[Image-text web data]

┄┄┄┄┄┄┄┄┄┄┄┄┄┄┄┄┄┄┄┄

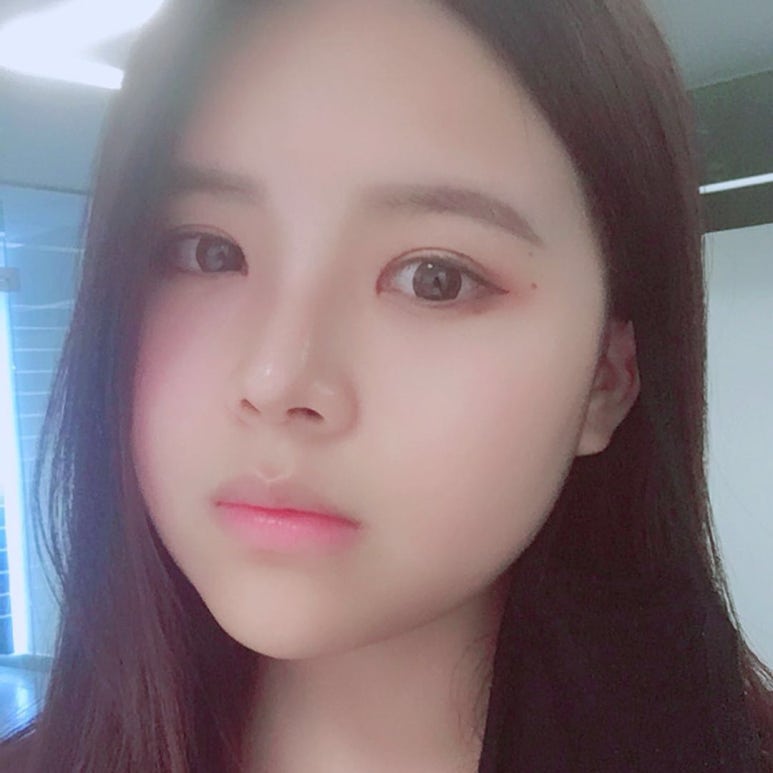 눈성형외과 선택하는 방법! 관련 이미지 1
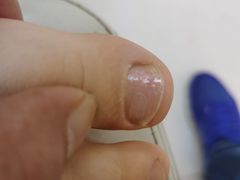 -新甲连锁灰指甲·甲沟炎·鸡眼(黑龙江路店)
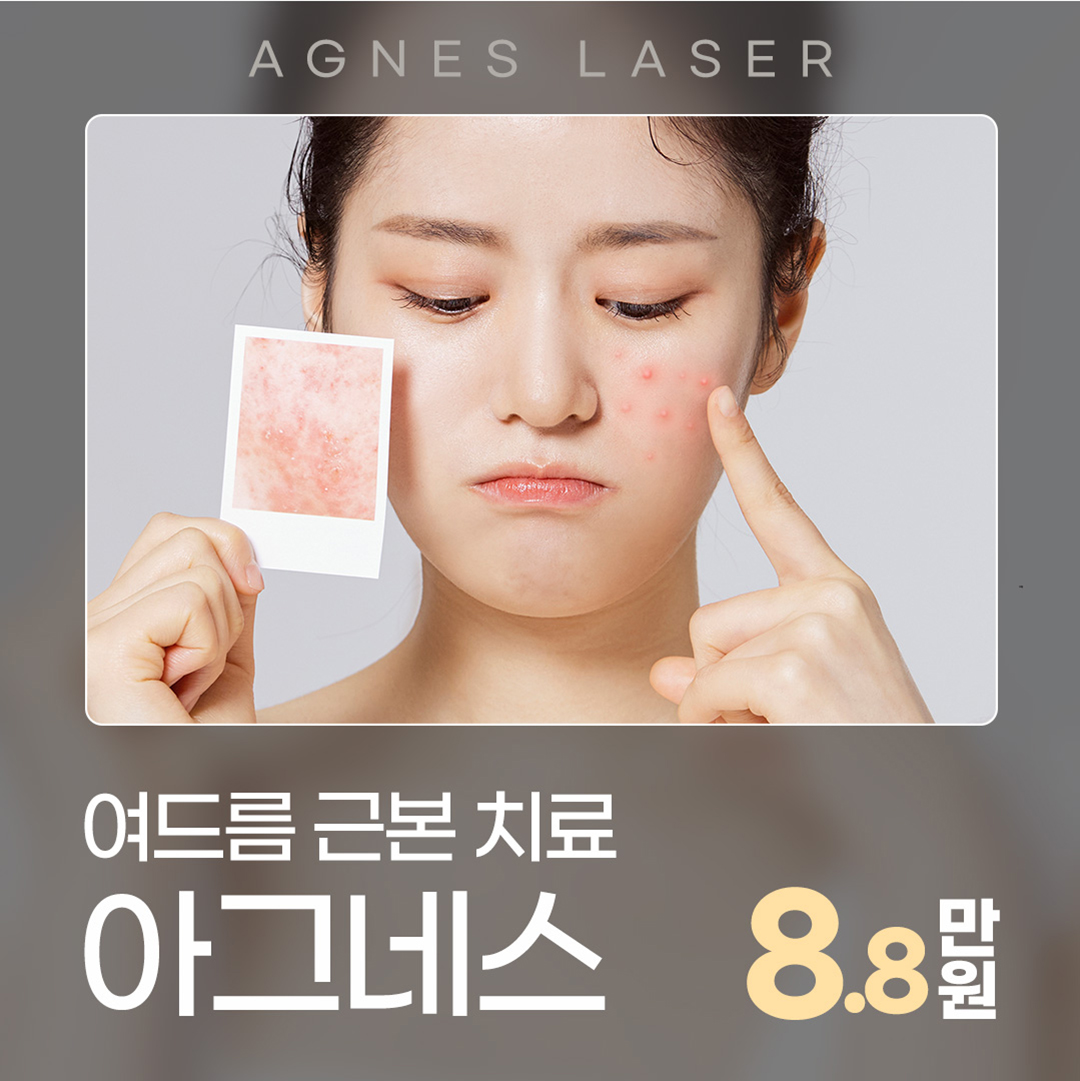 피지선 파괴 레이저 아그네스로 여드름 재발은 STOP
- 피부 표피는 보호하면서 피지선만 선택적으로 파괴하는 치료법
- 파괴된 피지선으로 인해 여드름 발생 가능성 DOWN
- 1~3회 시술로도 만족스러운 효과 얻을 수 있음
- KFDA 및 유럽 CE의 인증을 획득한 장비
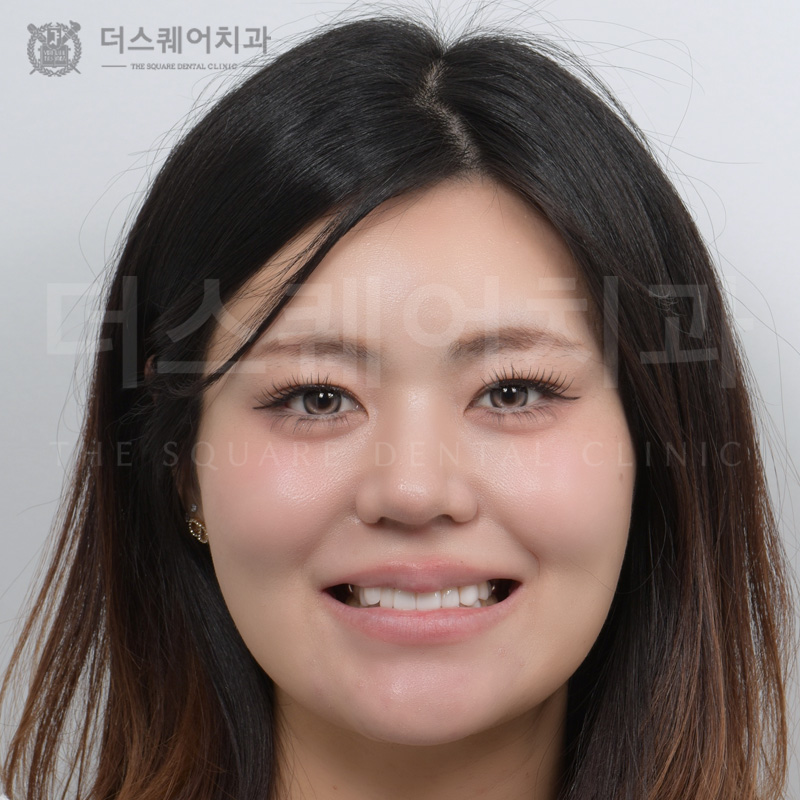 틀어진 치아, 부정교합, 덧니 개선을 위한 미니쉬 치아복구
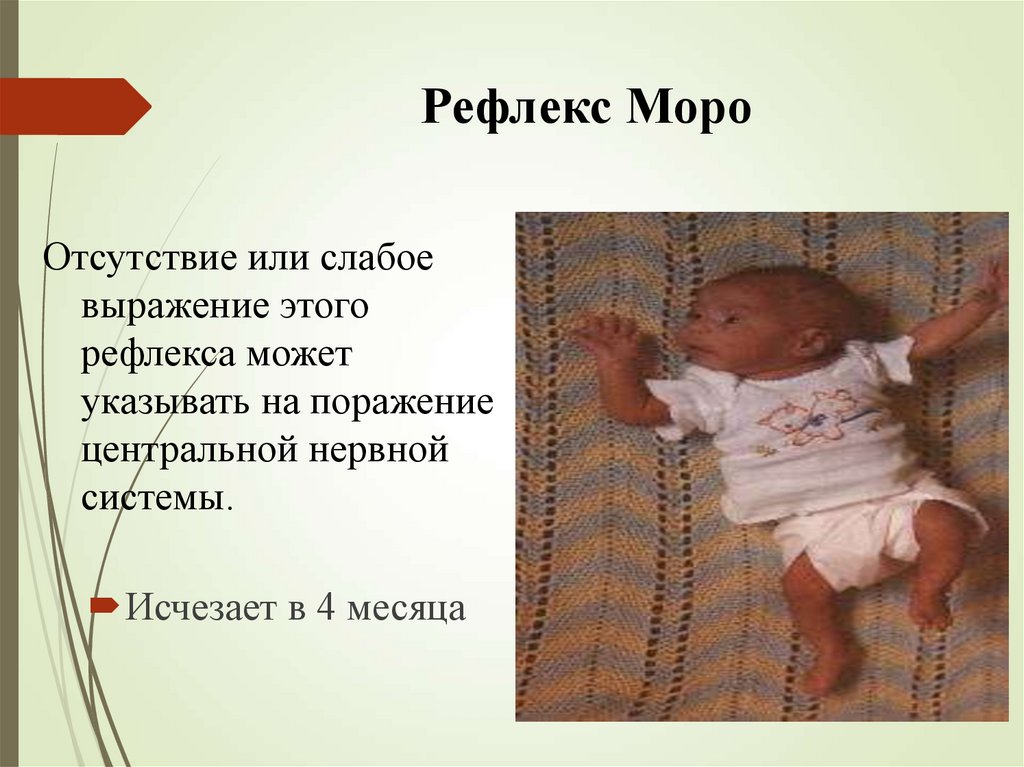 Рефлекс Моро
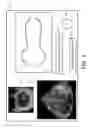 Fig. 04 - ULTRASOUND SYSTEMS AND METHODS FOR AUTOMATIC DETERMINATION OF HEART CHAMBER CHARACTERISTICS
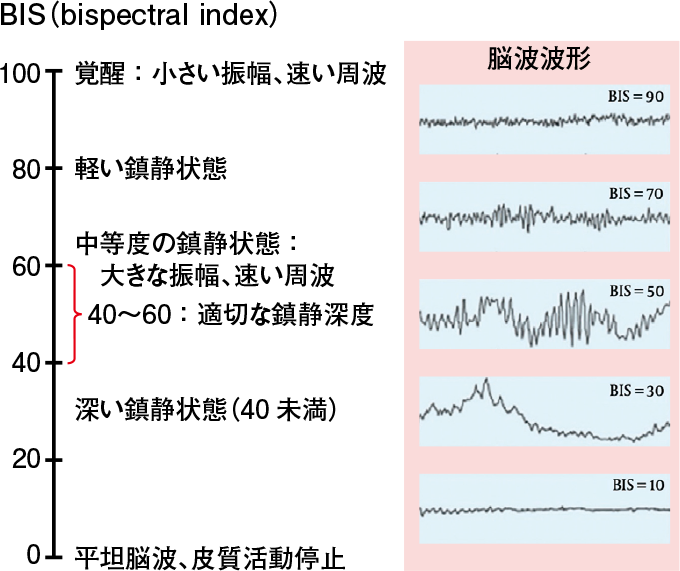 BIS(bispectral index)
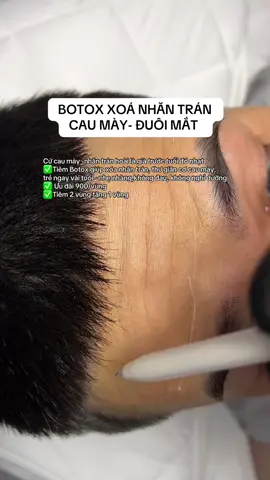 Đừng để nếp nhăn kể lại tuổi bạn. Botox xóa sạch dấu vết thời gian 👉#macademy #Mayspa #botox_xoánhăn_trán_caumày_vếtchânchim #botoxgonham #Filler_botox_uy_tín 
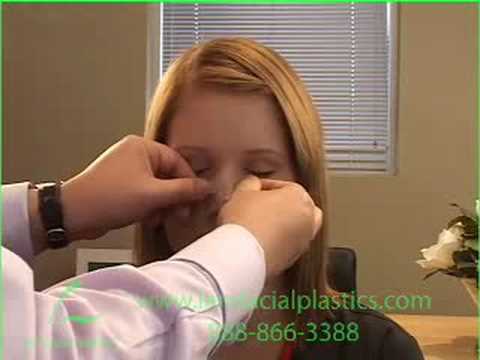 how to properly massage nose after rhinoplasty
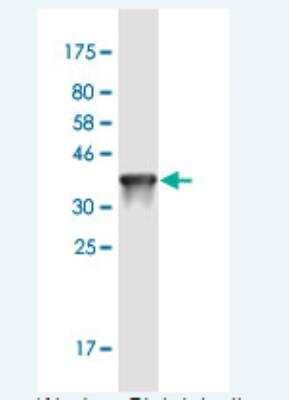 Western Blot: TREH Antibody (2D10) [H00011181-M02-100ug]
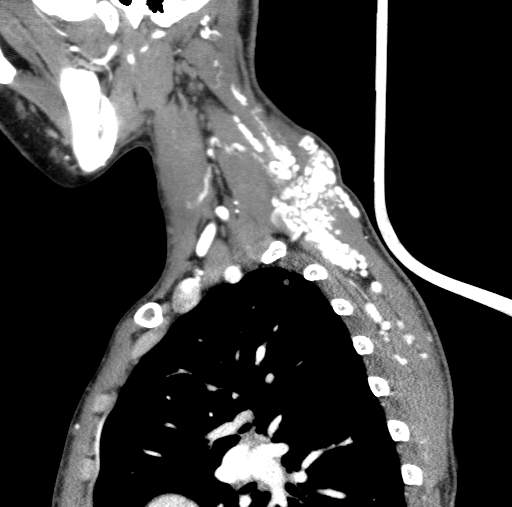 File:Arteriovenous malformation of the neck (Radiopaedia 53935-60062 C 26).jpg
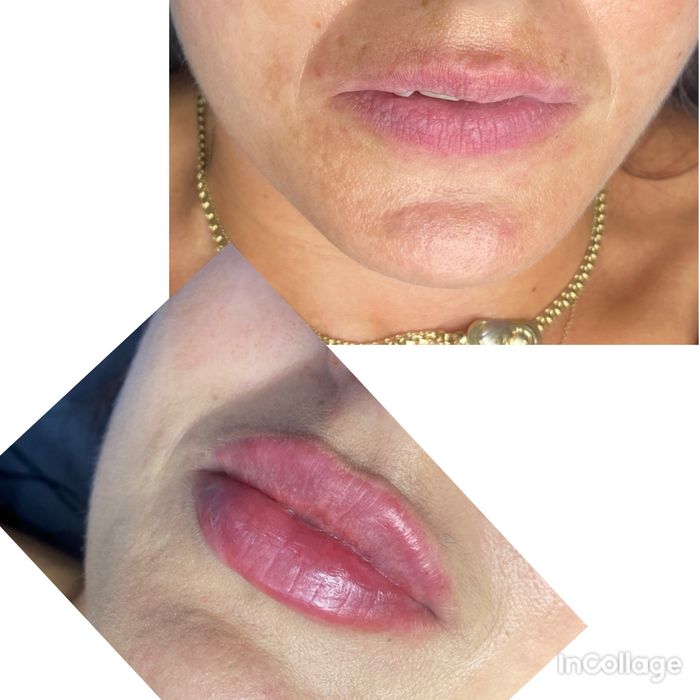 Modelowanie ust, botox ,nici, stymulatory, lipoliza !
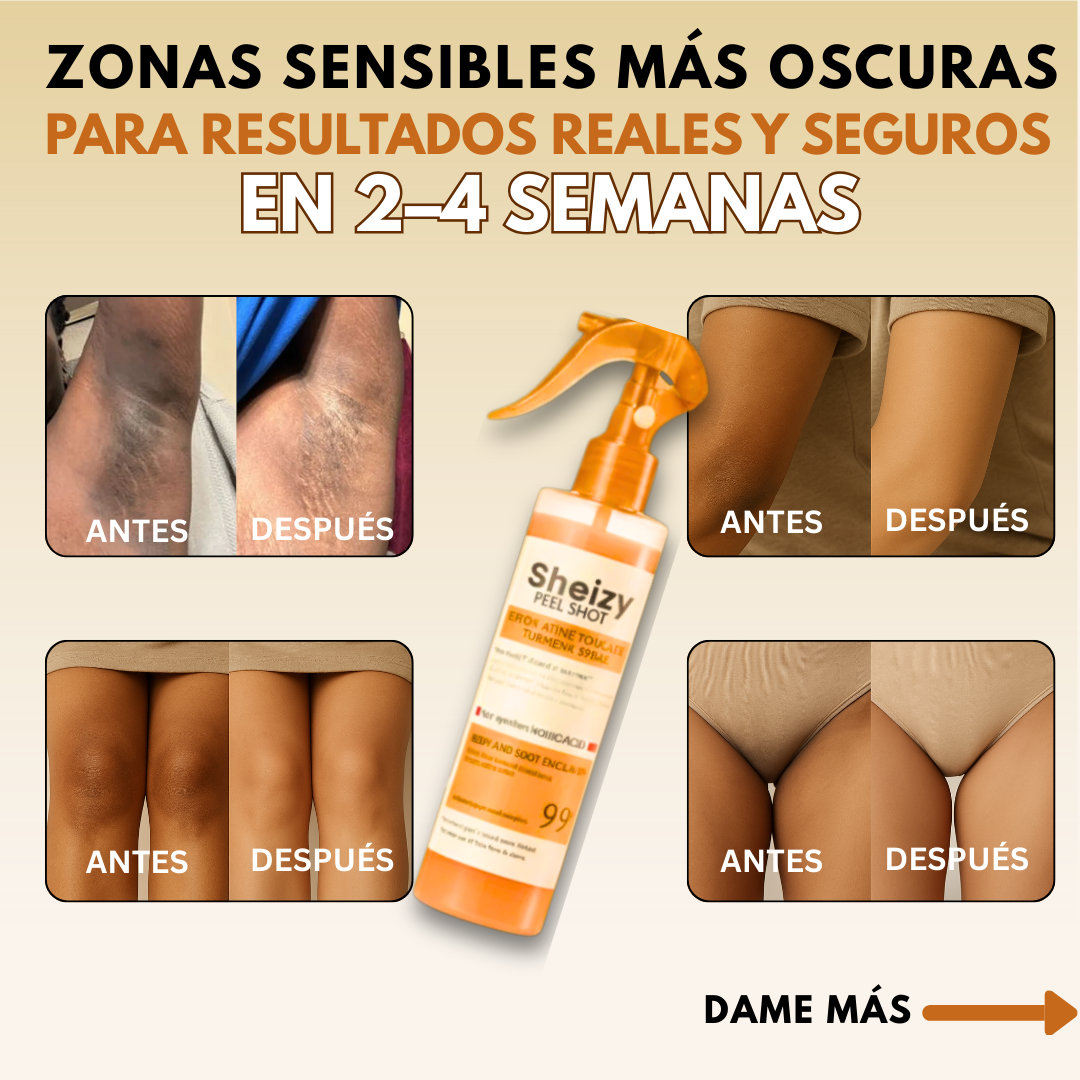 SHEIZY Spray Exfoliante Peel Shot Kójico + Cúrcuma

┄┄┄┄┄┄┄┄┄┄┄┄┄┄┄┄┄┄┄┄

**Directions:** The lines to copy exactly start with the line above that has "-新甲连锁灰指甲·甲沟炎·鸡眼(黑龙江路店)" and go on through the line that has "BIS(bispectral index)"; please include both, add nothing else, and omit the pictures.

**Reply:**
 -新甲连锁灰指甲·甲沟炎·鸡眼(黑龙江路店)
 피지선 파괴 레이저 아그네스로 여드름 재발은 STOP
- 피부 표피는 보호하면서 피지선만 선택적으로 파괴하는 치료법
- 파괴된 피지선으로 인해 여드름 발생 가능성 DOWN
- 1~3회 시술로도 만족스러운 효과 얻을 수 있음
- KFDA 및 유럽 CE의 인증을 획득한 장비
 틀어진 치아, 부정교합, 덧니 개선을 위한 미니쉬 치아복구
 Рефлекс Моро
 Fig. 04 - ULTRASOUND SYSTEMS AND METHODS FOR AUTOMATIC DETERMINATION OF HEART CHAMBER CHARACTERISTICS
 BIS(bispectral index)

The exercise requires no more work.